TASK OBJECTIVE: This task calls for the lines below starting at the one containing "Fighting Arts of Indonesia:Combat Sec [VHS]" and ending at the one containing "Image 9 of 12", repeated exactly with both ends kept and pictures left out.

━━━ TASK INPUT ━━━

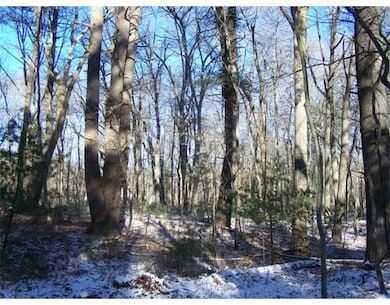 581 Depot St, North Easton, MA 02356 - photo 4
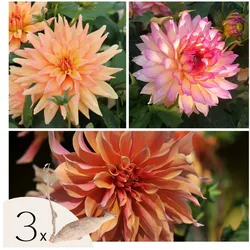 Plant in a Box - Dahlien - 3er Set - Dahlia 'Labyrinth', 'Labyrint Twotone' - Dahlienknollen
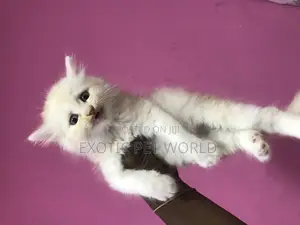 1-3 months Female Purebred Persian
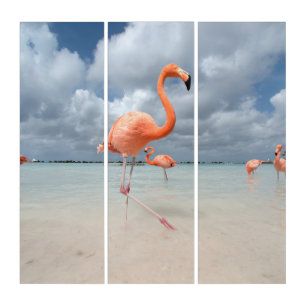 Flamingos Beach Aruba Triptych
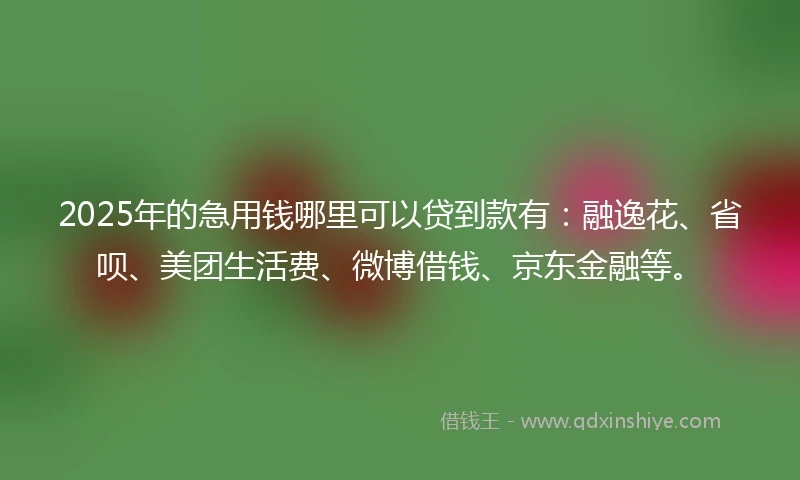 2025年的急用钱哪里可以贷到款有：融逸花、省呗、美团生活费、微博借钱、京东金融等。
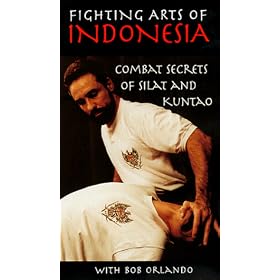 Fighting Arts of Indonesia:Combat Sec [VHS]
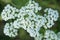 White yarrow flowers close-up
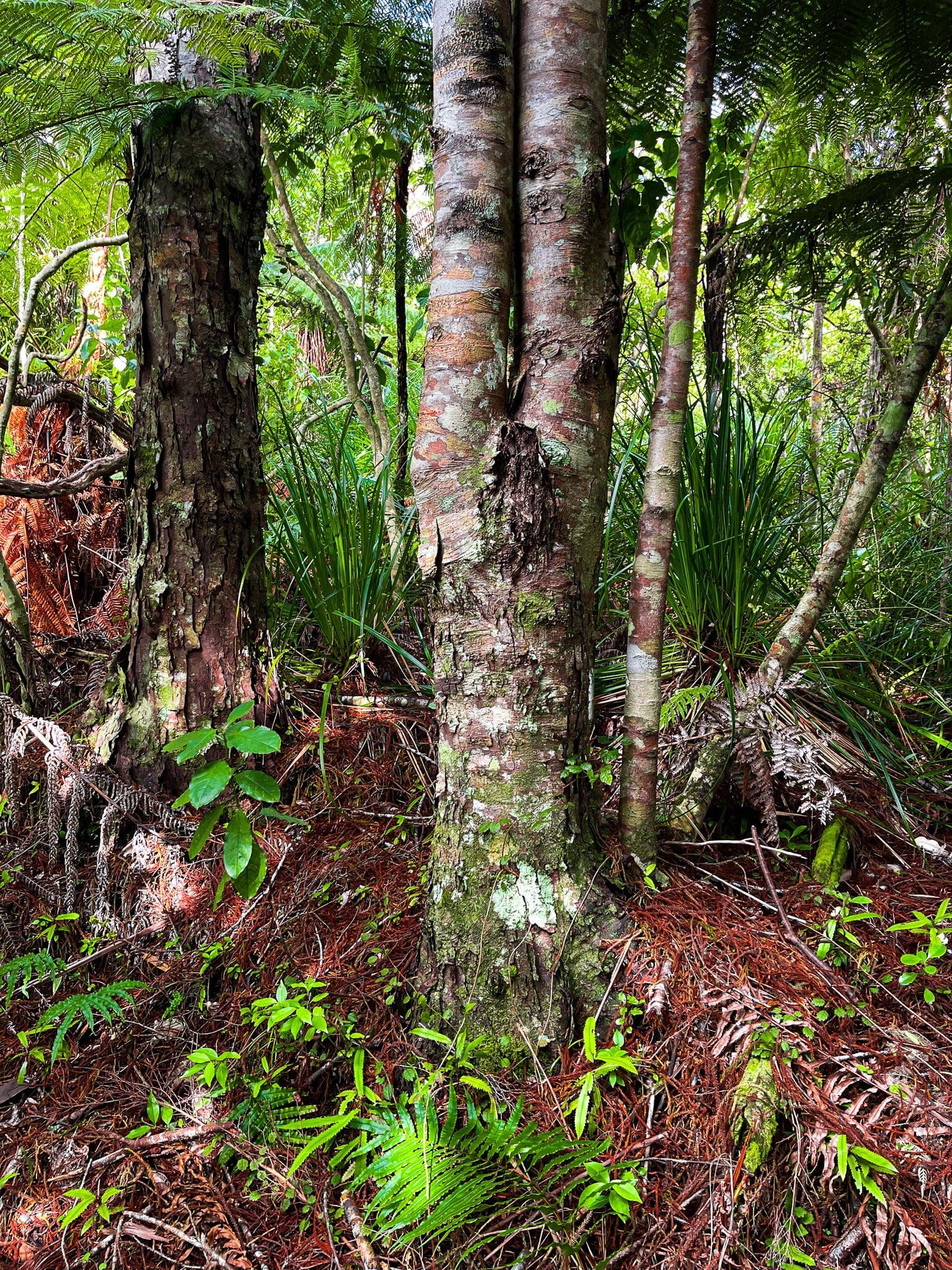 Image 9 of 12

━━━
━━━ TASK INPUT ━━━

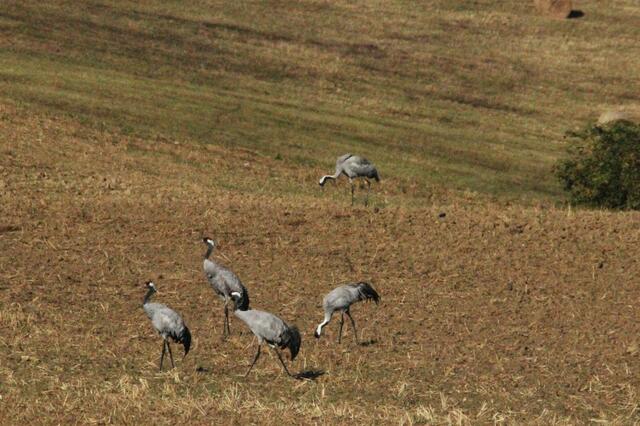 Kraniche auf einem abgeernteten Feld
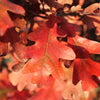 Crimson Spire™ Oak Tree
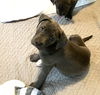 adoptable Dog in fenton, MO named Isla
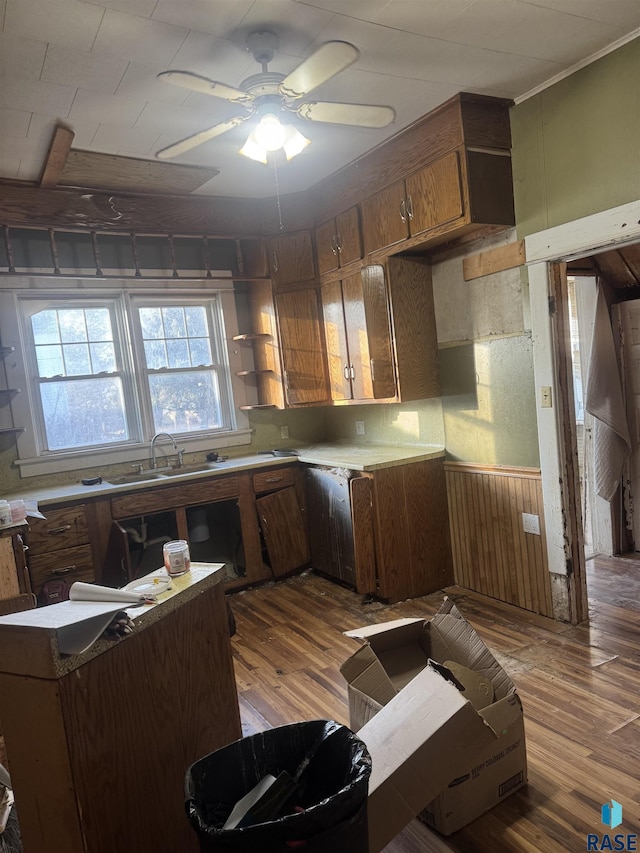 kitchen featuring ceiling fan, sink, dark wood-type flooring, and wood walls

━━━

SOLUTION TO THIS TASK:
 Fighting Arts of Indonesia:Combat Sec [VHS]
 White yarrow flowers close-up
 Image 9 of 12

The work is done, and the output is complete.